Discovery in Shangjing capital of Liao dynasty

To watch video, click HERE

Shangjing City, one of the five capitals of the Liao Empire in Chinese history is located in Chifeng city of North China's Inner-Mongolia Autonomous Region. A large-scale excavation of its relic gate which lasted four months is now over. The excavation has made clear the structure of the city gate and provides an important basis for historical research.

Built in 918 AD, Shangjing City of Liao was divided into two city areas, the Imperial City and the Han City. As the first capital built in the plains area by northern minorities, the Imperial City was the residence of Khitan nobles. Its construction strongly emphasized military defense. The highlight of this project is to unearth "Qiandemen", the west gate of the Imperial City, exploring its shape and structure in detail.

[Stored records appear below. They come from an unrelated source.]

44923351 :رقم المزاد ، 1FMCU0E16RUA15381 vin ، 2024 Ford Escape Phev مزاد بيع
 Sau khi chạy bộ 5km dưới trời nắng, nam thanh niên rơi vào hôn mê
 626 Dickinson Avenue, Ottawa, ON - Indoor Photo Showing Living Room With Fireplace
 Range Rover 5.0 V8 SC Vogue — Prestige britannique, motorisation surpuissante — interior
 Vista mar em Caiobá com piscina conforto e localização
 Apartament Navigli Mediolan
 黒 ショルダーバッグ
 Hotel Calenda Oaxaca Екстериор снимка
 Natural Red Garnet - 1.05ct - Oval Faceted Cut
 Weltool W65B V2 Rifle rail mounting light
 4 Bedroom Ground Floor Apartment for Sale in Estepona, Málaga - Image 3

A large-scale excavation of relic in Shagjing city has made clear the structure of the city gate and provides an important basis for historical research.

The excavation work of the city gate started in July. After more than four months, a well reserved gate has been cleared out. According to archeologists, "Qiandemen" had been constructed for three times, twice during the Liao Dynasty and once in Jin Dynasty. The gate constructed in Liao period is 20 meters long and 6.2 meters wide. Stone and wooden doorsill and city gate jamb have been found in the relic site, which indicates the high building level in Liao Dynasty.

Archeologist Dong Xinlin, from Chinese Academy of Social Science, said: "There are two parts of 'Qiandemen'. One part is the gateway of the front gate which had a high tower above in the past. The other part is the Weng City that we are looking at. It is aimed at military defense. Walk out of the city and turn left, you can see its gate. We have cleared it too."

In 1961, Shangjing City site of Liao Dynasty was one of first batch of cultural relics protected at the national level set by the State Council. Since 1962 small-scale drilling, mapping and experimental excavation had been conducted several times by archeologists. Now it is the first time that an archeologist team from Beijing and Inner Mongolia undertake such a large-scale excavation.